Tras el anuncio de la victoria, vaticinada por todos los expertos desde que el mariscal retirado Sisi derrocó a Morsi el 3 de julio de 2013, las calles de El Cairo se llenaron de miles de partidarios del nuevo presidente. Esta victoria era esperable, en un país en el que las voces disidentes fueron reprimidas y los opositores, juzgados y encarcelados.

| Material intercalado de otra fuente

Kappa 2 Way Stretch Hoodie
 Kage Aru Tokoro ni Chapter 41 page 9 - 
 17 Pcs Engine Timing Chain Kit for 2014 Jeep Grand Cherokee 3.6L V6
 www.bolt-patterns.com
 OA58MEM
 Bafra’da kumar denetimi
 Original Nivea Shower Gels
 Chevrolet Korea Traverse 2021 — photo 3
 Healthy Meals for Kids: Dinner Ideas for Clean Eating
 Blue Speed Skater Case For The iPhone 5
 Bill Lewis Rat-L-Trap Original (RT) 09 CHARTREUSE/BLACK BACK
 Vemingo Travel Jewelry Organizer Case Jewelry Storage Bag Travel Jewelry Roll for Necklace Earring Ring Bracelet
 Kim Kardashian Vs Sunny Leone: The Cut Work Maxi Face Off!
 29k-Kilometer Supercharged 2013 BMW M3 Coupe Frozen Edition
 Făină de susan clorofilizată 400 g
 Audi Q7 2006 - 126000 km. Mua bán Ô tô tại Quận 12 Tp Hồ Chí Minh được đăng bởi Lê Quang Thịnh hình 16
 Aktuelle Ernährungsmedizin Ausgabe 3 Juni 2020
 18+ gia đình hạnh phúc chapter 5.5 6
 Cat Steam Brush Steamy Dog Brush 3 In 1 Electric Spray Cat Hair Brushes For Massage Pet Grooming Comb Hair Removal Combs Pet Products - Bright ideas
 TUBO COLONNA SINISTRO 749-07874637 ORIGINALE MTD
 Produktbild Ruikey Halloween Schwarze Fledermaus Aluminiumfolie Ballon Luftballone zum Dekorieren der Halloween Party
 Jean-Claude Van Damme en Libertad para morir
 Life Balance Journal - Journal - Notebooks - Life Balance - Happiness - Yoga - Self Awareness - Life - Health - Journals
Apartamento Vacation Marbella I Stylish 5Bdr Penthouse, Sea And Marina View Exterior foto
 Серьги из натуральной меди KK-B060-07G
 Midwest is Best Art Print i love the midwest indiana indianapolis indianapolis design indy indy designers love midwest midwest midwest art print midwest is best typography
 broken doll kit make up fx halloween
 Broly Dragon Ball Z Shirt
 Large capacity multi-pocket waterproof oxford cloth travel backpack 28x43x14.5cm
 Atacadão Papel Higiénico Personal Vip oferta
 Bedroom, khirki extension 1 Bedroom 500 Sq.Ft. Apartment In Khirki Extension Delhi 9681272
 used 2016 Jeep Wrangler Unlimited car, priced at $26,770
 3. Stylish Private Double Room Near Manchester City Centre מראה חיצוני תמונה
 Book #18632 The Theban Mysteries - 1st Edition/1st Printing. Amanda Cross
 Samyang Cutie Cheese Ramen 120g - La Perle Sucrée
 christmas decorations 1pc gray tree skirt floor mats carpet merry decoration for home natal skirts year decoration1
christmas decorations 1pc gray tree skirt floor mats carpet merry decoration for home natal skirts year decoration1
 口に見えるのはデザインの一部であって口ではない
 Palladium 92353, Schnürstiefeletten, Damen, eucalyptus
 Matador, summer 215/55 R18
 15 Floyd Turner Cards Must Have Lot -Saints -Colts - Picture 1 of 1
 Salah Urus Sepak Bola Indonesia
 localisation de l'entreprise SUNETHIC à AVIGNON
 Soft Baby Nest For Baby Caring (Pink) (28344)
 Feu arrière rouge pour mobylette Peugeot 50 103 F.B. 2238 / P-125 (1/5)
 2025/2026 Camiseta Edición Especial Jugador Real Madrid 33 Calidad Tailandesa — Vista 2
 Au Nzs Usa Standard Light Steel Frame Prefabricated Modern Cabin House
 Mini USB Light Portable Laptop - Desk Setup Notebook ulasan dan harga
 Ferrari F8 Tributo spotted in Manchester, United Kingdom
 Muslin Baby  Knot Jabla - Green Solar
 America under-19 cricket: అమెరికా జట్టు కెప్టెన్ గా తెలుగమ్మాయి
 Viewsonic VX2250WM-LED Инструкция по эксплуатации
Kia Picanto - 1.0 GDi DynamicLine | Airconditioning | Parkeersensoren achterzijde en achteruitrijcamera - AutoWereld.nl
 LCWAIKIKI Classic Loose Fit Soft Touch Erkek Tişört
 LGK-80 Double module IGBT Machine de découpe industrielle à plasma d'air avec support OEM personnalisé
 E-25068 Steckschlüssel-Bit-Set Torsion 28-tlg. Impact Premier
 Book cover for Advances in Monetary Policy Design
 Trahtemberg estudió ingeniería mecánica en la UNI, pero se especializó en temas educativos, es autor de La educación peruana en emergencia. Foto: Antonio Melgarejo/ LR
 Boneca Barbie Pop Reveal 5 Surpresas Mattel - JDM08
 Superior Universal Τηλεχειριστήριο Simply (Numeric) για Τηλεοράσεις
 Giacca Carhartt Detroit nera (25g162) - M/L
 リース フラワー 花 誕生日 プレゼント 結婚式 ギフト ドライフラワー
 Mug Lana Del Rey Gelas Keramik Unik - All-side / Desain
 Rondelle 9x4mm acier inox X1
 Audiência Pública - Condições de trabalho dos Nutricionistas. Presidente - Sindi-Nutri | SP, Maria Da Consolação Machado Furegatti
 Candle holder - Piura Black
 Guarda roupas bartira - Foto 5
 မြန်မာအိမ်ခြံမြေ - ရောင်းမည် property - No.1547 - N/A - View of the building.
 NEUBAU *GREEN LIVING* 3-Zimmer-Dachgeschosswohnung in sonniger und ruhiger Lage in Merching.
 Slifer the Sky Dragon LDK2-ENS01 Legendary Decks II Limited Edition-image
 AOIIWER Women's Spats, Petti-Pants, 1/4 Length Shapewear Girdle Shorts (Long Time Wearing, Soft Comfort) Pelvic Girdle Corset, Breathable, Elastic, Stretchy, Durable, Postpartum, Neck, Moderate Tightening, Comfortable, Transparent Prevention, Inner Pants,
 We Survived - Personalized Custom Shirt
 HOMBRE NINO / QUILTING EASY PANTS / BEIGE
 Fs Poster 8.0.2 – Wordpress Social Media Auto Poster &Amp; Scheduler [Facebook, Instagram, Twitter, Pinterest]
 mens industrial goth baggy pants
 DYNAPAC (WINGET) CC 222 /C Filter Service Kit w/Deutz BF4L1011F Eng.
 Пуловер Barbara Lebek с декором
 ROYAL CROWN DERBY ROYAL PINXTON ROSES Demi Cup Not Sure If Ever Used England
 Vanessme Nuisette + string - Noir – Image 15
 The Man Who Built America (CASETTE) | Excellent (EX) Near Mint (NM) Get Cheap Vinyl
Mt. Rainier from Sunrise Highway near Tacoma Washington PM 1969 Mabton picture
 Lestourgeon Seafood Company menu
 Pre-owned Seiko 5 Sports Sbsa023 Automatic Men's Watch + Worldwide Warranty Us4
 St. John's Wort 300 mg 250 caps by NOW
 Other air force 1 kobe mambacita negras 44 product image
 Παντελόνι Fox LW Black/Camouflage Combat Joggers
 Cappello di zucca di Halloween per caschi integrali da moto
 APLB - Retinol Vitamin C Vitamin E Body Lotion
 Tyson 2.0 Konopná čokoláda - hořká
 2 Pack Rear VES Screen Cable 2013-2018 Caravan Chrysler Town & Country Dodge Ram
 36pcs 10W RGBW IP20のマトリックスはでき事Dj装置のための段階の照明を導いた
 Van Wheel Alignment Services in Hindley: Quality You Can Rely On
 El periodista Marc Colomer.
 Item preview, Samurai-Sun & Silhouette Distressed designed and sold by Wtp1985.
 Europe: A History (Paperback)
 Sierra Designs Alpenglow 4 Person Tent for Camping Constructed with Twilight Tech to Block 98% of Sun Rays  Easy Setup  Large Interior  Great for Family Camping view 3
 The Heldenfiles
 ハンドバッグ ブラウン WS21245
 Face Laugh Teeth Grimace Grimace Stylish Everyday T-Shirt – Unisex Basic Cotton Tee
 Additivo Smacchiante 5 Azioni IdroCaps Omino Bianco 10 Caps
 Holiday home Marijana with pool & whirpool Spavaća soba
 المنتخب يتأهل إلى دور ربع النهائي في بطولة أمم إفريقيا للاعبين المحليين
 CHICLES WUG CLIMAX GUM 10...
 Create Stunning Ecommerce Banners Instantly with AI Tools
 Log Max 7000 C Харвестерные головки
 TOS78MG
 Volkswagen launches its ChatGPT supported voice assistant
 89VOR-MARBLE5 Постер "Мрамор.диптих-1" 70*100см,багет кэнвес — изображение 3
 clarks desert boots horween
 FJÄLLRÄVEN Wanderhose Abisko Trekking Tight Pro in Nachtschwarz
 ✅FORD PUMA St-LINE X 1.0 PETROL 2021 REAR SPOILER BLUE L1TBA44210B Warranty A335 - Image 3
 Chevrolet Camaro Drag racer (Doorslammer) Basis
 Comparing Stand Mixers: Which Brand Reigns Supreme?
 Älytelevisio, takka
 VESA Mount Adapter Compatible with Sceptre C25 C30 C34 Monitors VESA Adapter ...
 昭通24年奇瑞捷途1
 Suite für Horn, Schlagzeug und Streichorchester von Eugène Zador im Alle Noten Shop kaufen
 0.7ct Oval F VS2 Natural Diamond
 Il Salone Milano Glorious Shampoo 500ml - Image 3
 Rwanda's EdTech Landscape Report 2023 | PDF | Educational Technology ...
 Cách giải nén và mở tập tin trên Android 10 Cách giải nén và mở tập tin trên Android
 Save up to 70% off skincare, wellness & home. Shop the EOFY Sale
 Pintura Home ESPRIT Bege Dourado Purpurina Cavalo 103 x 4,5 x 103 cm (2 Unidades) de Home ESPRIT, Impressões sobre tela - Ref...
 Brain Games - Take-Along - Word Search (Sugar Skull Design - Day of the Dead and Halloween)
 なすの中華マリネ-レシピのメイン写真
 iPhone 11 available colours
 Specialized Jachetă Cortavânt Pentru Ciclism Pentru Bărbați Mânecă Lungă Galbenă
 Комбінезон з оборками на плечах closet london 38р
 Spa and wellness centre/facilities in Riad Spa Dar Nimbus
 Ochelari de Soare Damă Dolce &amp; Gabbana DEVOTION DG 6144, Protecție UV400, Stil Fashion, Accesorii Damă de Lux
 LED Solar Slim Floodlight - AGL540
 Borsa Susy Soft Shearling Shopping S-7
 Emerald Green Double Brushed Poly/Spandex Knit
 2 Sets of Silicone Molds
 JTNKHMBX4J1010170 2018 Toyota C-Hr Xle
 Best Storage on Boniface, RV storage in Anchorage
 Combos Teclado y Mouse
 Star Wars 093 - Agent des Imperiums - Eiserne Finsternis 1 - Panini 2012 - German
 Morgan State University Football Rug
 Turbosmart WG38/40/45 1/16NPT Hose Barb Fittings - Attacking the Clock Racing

También cuestiona la legitimidad, el abstencionismo y el hecho de que las autoridades añadieran un tercer día de votaciones para levantar la concurrencia. Finalmente, la participación fue del 47%, es decir 25 millones de votantes.

Los Hermanos Musulmanes, partidarios del depuesto Morsi, fueron las primeras víctimas de esta implacable represión lanzada por Sisi que ha dejado más de 1.400 muertos y cerca de 15.000 detenciones.

Ahora el objetivo de las fuerzas del orden y de la justicia son los jóvenes progresistas.

“Es una victoria para la estabilidad”, declaró Tahar Jaled, un egipcio que se hallaba en la plaza Tahrir, centro neurálgico de las protestas de la Primavera Arabe de comienzos de 2011, que acabaron con el régimen del anterior presidente, Hosni Mubarak.

Los observadores de la Unión Europea dijeron ayer que las elecciones, que duraron tres días, “respetaron la ley”, pero consideraron que “la ausencia de actores” de la oposición había “comprometido la participación libre en los comicios”.

Tres años después de esa revolución que derrocó a Mubarak –también un militar, como todos los presidentes egipcios desde la caída de la monarquía en 1952–, los activistas de los derechos humanos acusan a las autoridades de haber instaurado desde julio de 2013 un régimen aún más autoritario que el de Mubarak. “El triunfo de Sisi devuelve al país a una configuración que no se esperaba volver a ver después de las revoluciones árabes de 2011”, afirmó Karim Bitar, director del Instituto de relaciones internacionales y estratégicas.

“Poca gente podía imaginar tras la caída de Mubarak que, tres años más tarde, sería elegido con un 96% un mariscal con lentes de sol, sin haber hecho campaña o haber presentado un programa electoral. Resultaba impensado pero sucedió así”, continuó este especialista en la región.